Recommitting

A good relationship is worth the effort of letting go of an annoying trait in your partner and being as kind as possible to this person you are connected to.  Those two ideas are central to your marriage vows.  A marriage is a choice to recommit to your partner every day.  Every spouse, whether recovering from a brutal betrayal or simply dealing with a sloppy partner, decides every day wehter to get up and dance with that partner again.  Every marriage goes through periods when each partner is not sure about continuing it. . . .  Forgiveness is based upon a continual recommitment to your relationship.  Forgiveness comes after grieving your losses, and it allows you to move forward in your relationship with happiness and a positive attitude.  This is true whether the losses were big (your spouse is a drug addict) or little (your lazy partner never does the grocery run) or somewhere in between — as when you accept the fact that you married a slob, you have grieved the neat person you should have married, and you have recommitted to the lovable human being you chose to be with.

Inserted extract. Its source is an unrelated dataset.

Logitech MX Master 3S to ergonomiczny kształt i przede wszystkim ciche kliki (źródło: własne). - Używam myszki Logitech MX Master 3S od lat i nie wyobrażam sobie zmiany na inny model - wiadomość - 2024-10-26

Recommitting is an ongoing process; you have to recommit every time your lover says the same dumb thing again and you react with your same exasperated sigh.  You have to recommit when your lover is late yet again, or leaves a cheap tip for the third time in a week.  If your partner does something annoying but ultimately insignificant, acknowledge your dismay or loss for an instant and then connect right back again.  Try saying something to help put the annoyance in perspective and get back in the game.  You could remind yourself that “she’s worth it,” or “it was no big deal.”  Most of the time you don’t even need to let your lover know he or she has done anything wrong.

— Dr. Fred Luskin, Forgive for Love, p. 199-200

Forgiveness as a Way of Life

Forgiveness doesn’t stand alone, as a punctual act or even as an isolated practice.  That would be too passive an understanding of what forgiveness is all about.  Rather, it is embedded in a way of life that is committed to overcoming evil by doing good.

— Miroslav Volf, Free of Charge, p. 189-190

Forgiveness and Repentance

Repentance is important, even indispensable, and it is indispensable because forgiveness is an event between people, not just an individual’s change of feelings, attitudes, or actions.  Instead of being a condition of forgiveness, however, repentance is its necessary consequence.

If they imitate the forgiving God, forgivers will keep forgiving, whether the offenders repent or not.  Forgivers’ forgiving is not conditioned by repentance.  The offenders’ being forgiven, however, is conditioned by repentance — just as being given a box of chocolate is conditioned by receiving that box of chocolate.  Without repentance, the forgivers will keep forgiving but the offenders will remain unforgiven, in that they are untouched by that forgiveness.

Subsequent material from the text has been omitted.